SANTA CLARA, Calif. -- During the first-ever JEDEX conference here today, a representative from JEDEC outlined the future roadmap for the "mainstream" DRAM market, disclosing that the organization "may or may not" ratify the 400-MHz version of the double-data-rate (DDR) SDRAM technology as a standard.
The disclosure is bound to upset Micron, Samsung and other DRAM makers, many of which are just rolling out their first engineering samples of DRAMs, based on the so-called DDR400 standard.
Meanwhile, DRAM manufacturers are currently making the swift transition from SDRAM to the 200- and 266-MHz versions of the DDR SDRAM standard for "mainstream memory" in PCs and other systems. The so-called DDR200 and DDR266 standards have data transfer rates at 1,600 and 2,100-megabytes-per-second, respectively.
Now, the 333-MHz version (DDR333) has been ratified by JEDEC and the technology will become the new and mainstream DRAM technology for mainstream PCs and other products, said Bill Gervasi, technology director at Santa Clara, Calif.-based Transmeta Corp. and representative of JEDEC.

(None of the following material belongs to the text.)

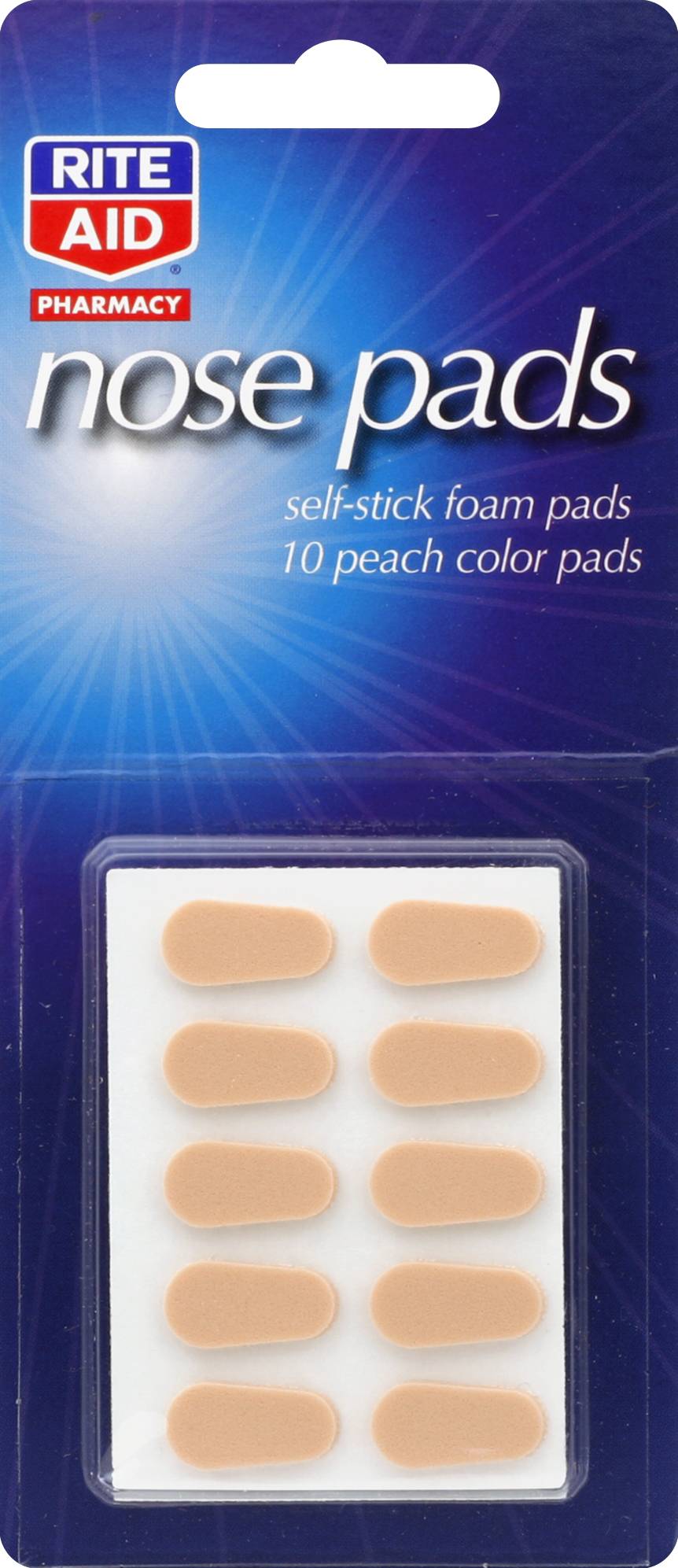 Rite Aid Pharmacy Nose Pads (10 ct)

"DDR266 will be very viable for a long time," Gervasi said. "We are in the introduction stage for DDR333," he said during a presentation at the JEDEX conference. The two-day conference is sponsored by JEDEC and other organizations.
The DDR333 is being pushing by several vendors, including a pair of chip set suppliers in Taiwan: Silicon Integrated Systems Corp. and Via Technologies Inc. The data transfer rates for DDR333 is said to be 2,700-megabytes-per-second.
But still, the DDR333 market will take some time to develop. The chip-set roll outs are still in the early stages, while systems manufacturers are somewhat reluctant to adopt the new memories in favor of the cheaper DDR266 parts, according to analysts.
Meanwhile, if or when the DDR333 standard takes off, there are two technologies vying for dominance in the next-generation DRAM race: DDR-II and the 400-MHz version of DDR SDRAM, or DDR400.
During the presentation, Gervasi implied that DDR-II would become the next DRAM standard after DDR333. "I don't see [DDR400] as a mainstream product," he said. "I see it as a boutique memory," he said, noting DDR400 would be geared for more specialized applications.
He said JEDEC "may or may not" ratify DDR400 as a standard. But the organization is well under way to develop the specifications for DDR-II, which will offer 3,200-megabyte-per-second data transfer rates.
DDR-II is not expected to be a mainstream technology until 2004, although engineering samples for parts are due out late-2002 or early-2003, he added.
The disclosure about DDR400 could upset several DRAM makers, including Micron, Samsung, and others. In recent weeks, the companies separately announced the industry's first engineering samples for parts based on the DDR400 technology.
A spokesman for Samsung Electronics Co. Ltd. here declined to comment. Micron Technology Inc. could not be reached for comment.